Teeftallow/Chapter 18

CHAPTER XVIII

ON THE fifth morning of the protracted meeting, Nessie Sutton was bold enough to walk out of the dining room of the Scovell House with Abner Teeftallow and see him off to work.

Nessie had a certain right to do this without being gossiped about because she and Abner went to meeting together every night, she had prayed for Abner publicly at the invitation of the minister, kneeling by his side and silently asking God to save him. This action had given her a position so that she could walk out on the piazza with him without arousing small talk.

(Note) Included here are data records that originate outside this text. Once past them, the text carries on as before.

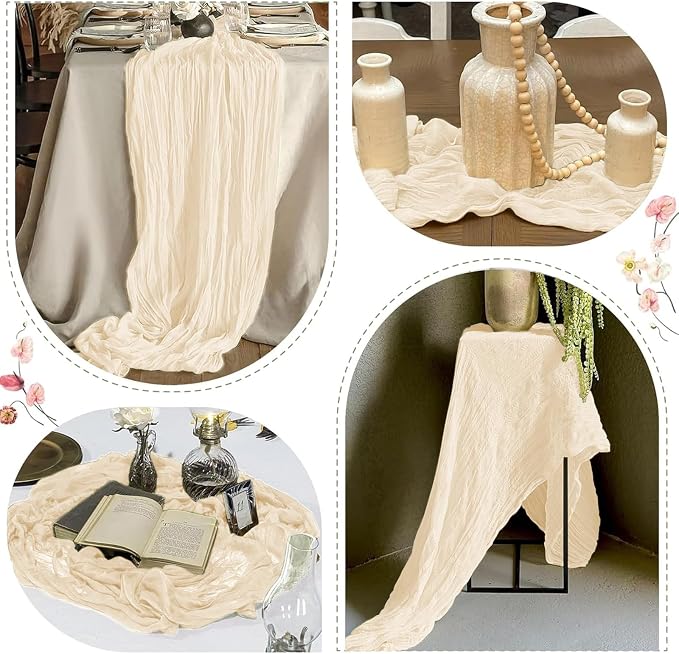 12 Pack Ivory Cheesecloth Table Runner 17 x 108 Inch Gauze Table Runner Fabric - Image 6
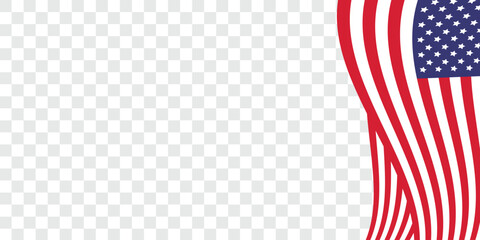 Waving flag of American isolated on  background, Symbol of USA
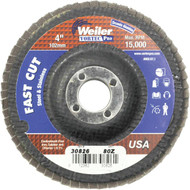 Weiler Vortec 4 In. x 5_8 In. 80-Grit Type 29 Angle Grinder Flap Disc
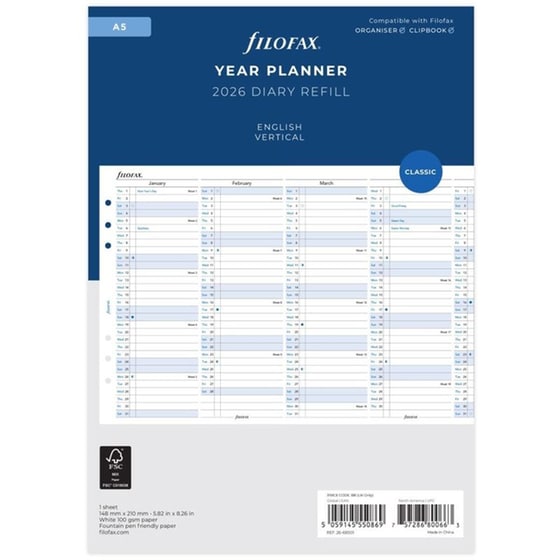 Ανταλλακτικά Φύλλα Ημερολογίου Filofax 2026 Eng. Α5 Κάθετο Πλάνο image 0
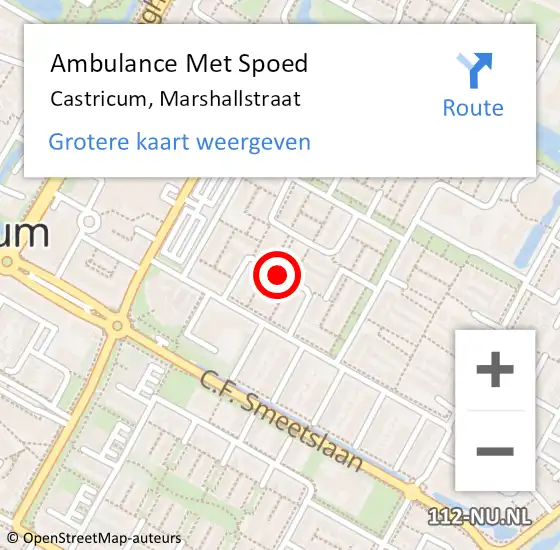 Locatie op kaart van de 112 melding: Ambulance Met Spoed Naar Castricum, Marshallstraat op 26 april 2019 00:03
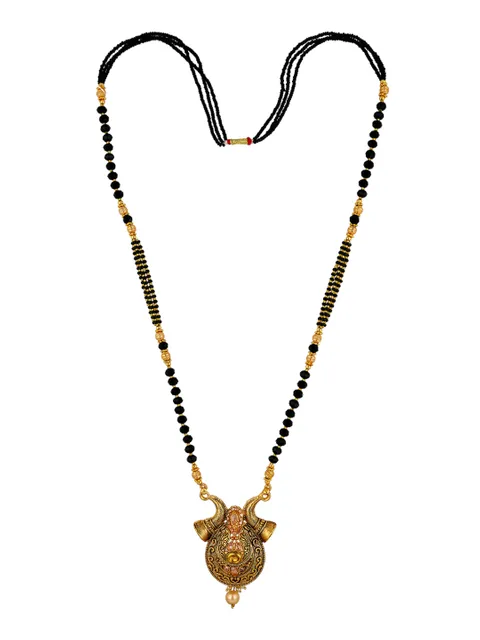 Double Line Mangalsutra in Oxidised Gold finish - MLF3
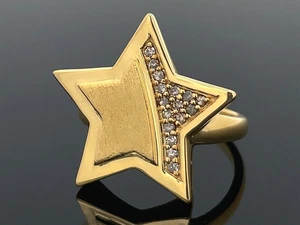 SCHMUCKJAGD RING GR.18 (CA.56) AUS 925/- SILBER GELBGOLDPLATTIERT MIT DIAMANTEN - Bild 1 von 3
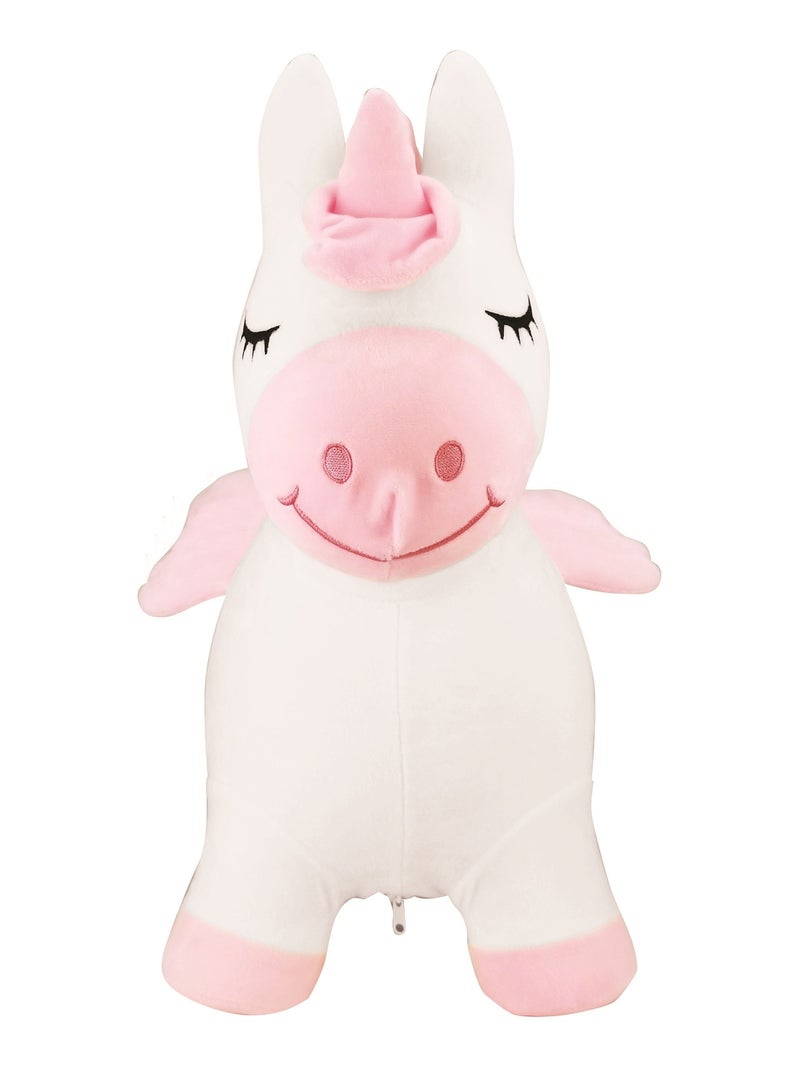 Licorne sauteuse gonflable avec housse en peluche Blanc - Kiabi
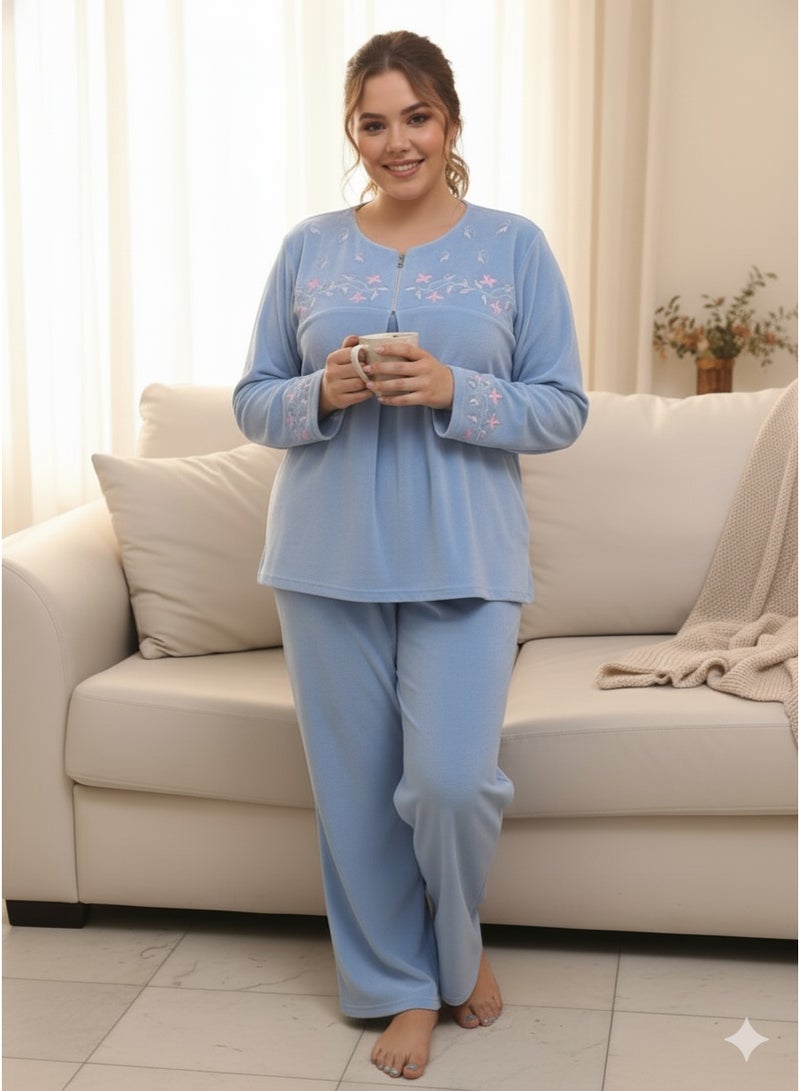 زيكوتكس  طقم بيجامة نسائية قطيفة ناعمة قطعتين - توب بأكمام طويلة ومطرز وبنطلون مريح - Image 1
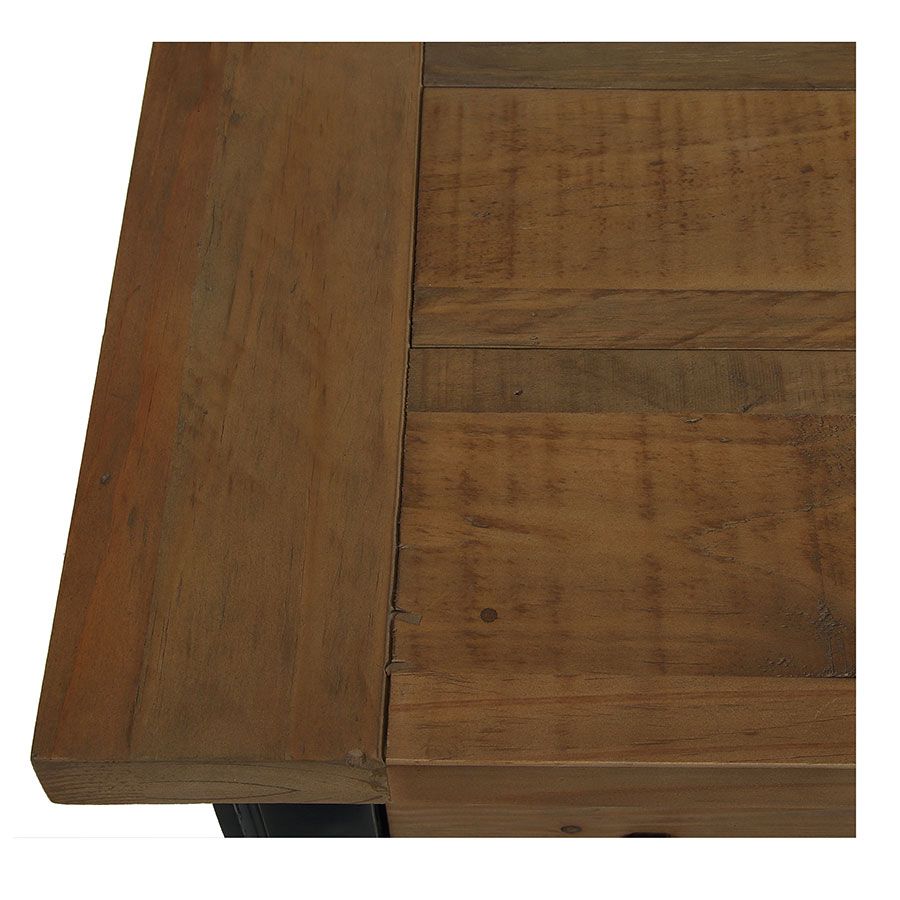 Table de chevet en bois recyclé bleu navy - Rivages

At this moment she held to a button on his sleeve.

"And Abner, after you join the church, you could start readin' law of evenings. Mr. Sharp will lend you his books. . . ." She loosed the button and looked at Abner with soft possessive eyes.

"How do you know he would?" asked the teamster, to whom the notion of becoming a lawyer was both vague and repellent.

Nessie coloured slightly. "I—I asked him would he."

"You did!" Abner was surprised at the length the girl had gone. A thing like that Abner was accustomed simply to talk about.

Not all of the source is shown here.